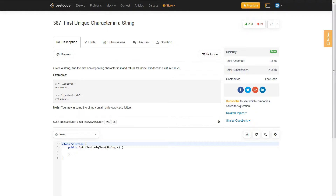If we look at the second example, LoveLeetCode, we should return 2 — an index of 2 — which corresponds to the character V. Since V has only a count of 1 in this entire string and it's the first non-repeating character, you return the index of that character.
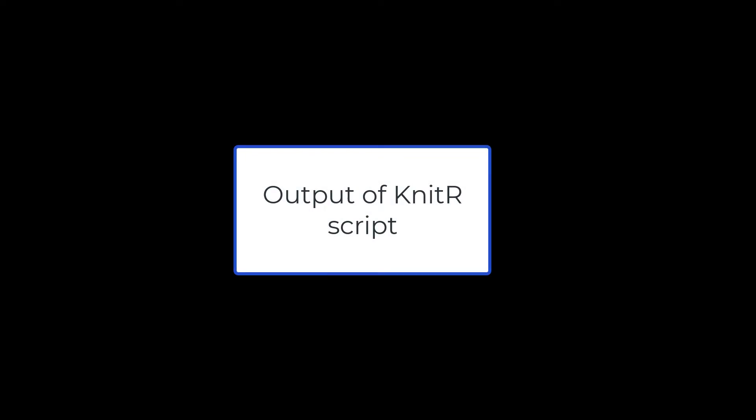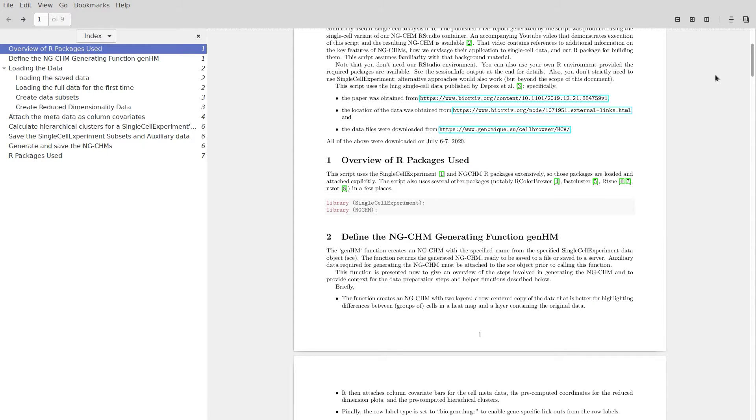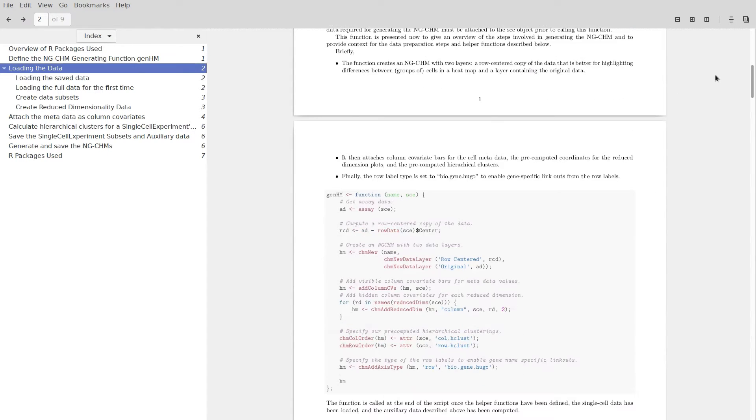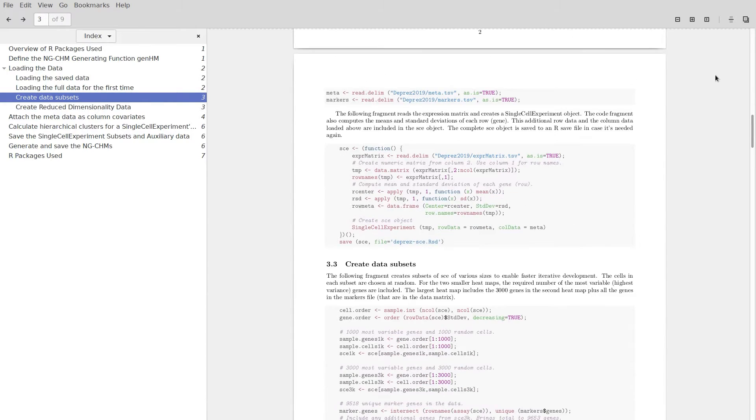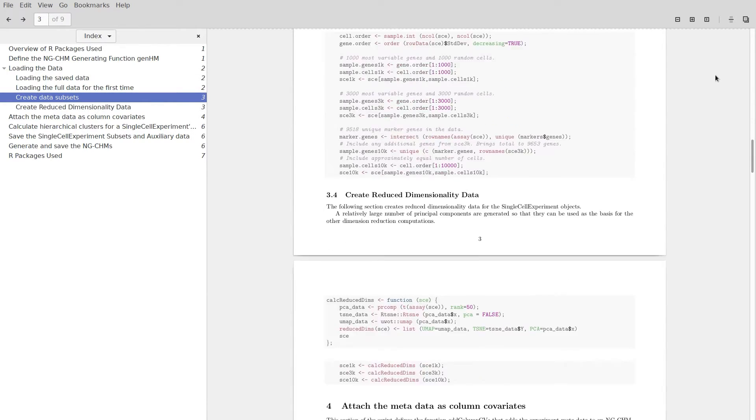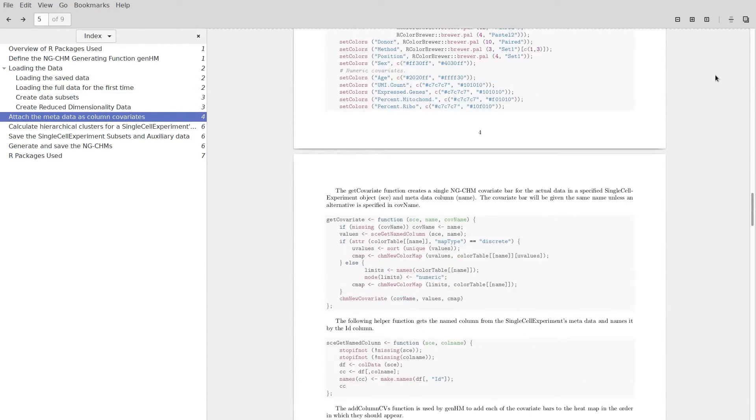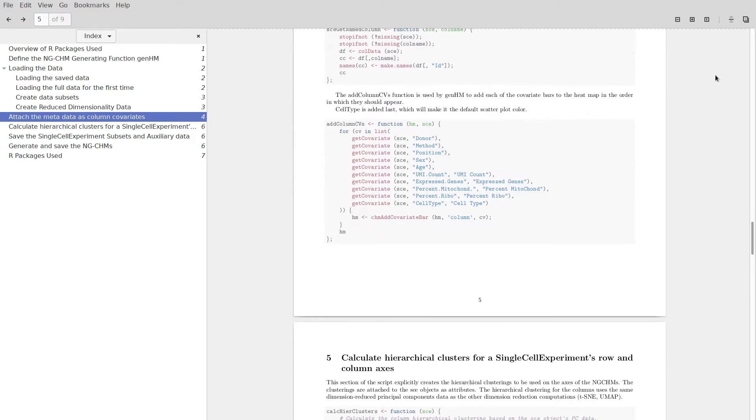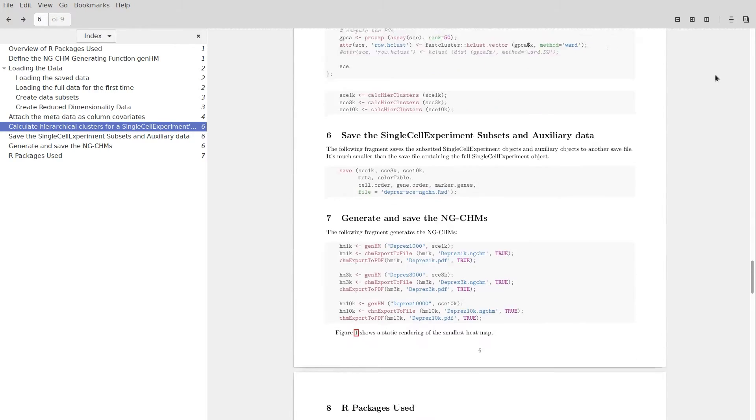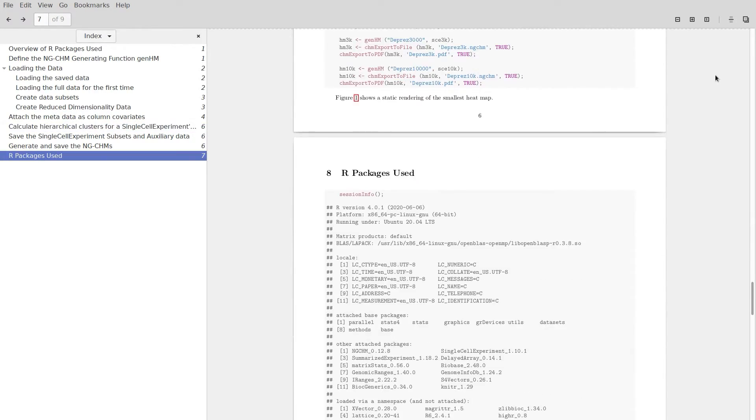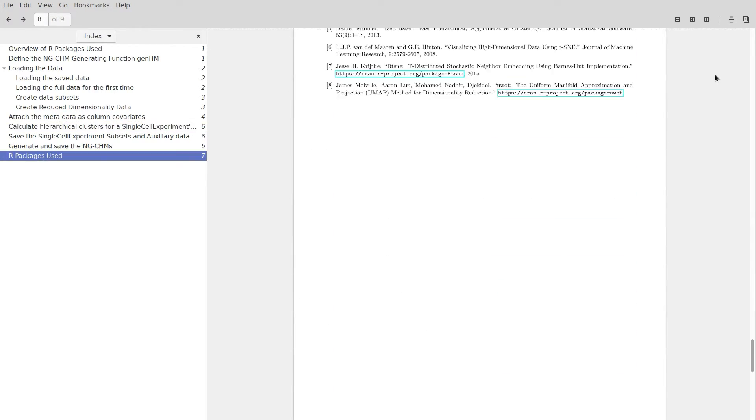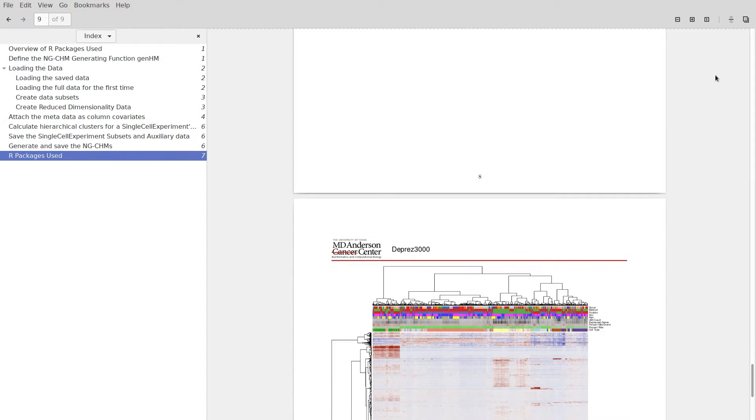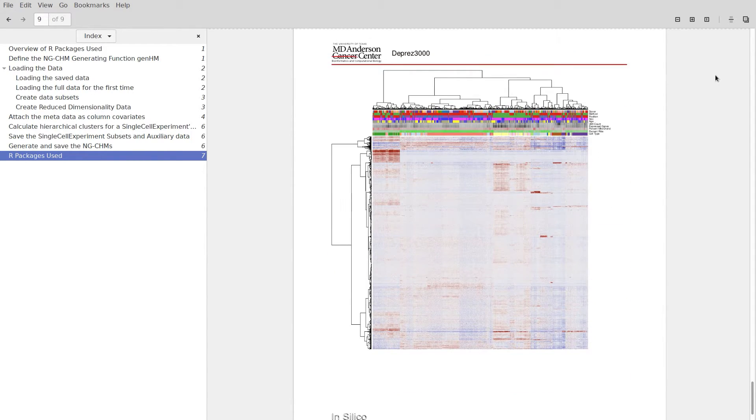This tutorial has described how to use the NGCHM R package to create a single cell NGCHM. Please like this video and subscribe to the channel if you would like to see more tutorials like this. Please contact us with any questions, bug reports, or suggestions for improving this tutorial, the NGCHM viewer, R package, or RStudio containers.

════

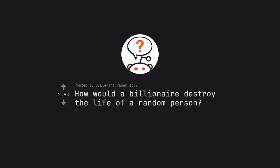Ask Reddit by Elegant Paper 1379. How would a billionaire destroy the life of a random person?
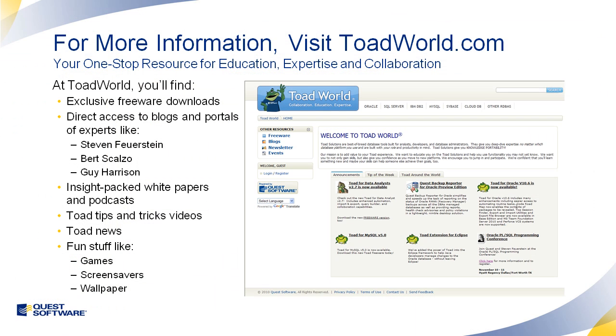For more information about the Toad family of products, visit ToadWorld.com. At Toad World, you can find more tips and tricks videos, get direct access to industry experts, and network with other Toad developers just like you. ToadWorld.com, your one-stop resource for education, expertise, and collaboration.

════

__What you need to do__
Having found the line with "If we look at" and the line with "This tutorial has" in the material above, write out exactly those two and every line between, leaving the pictures out.

__Task result__
If we look at the second example, LoveLeetCode, we should return 2 — an index of 2 — which corresponds to the character V. Since V has only a count of 1 in this entire string and it's the first non-repeating character, you return the index of that character.
This tutorial has described how to use the NGCHM R package to create a single cell NGCHM. Please like this video and subscribe to the channel if you would like to see more tutorials like this. Please contact us with any questions, bug reports, or suggestions for improving this tutorial, the NGCHM viewer, R package, or RStudio containers.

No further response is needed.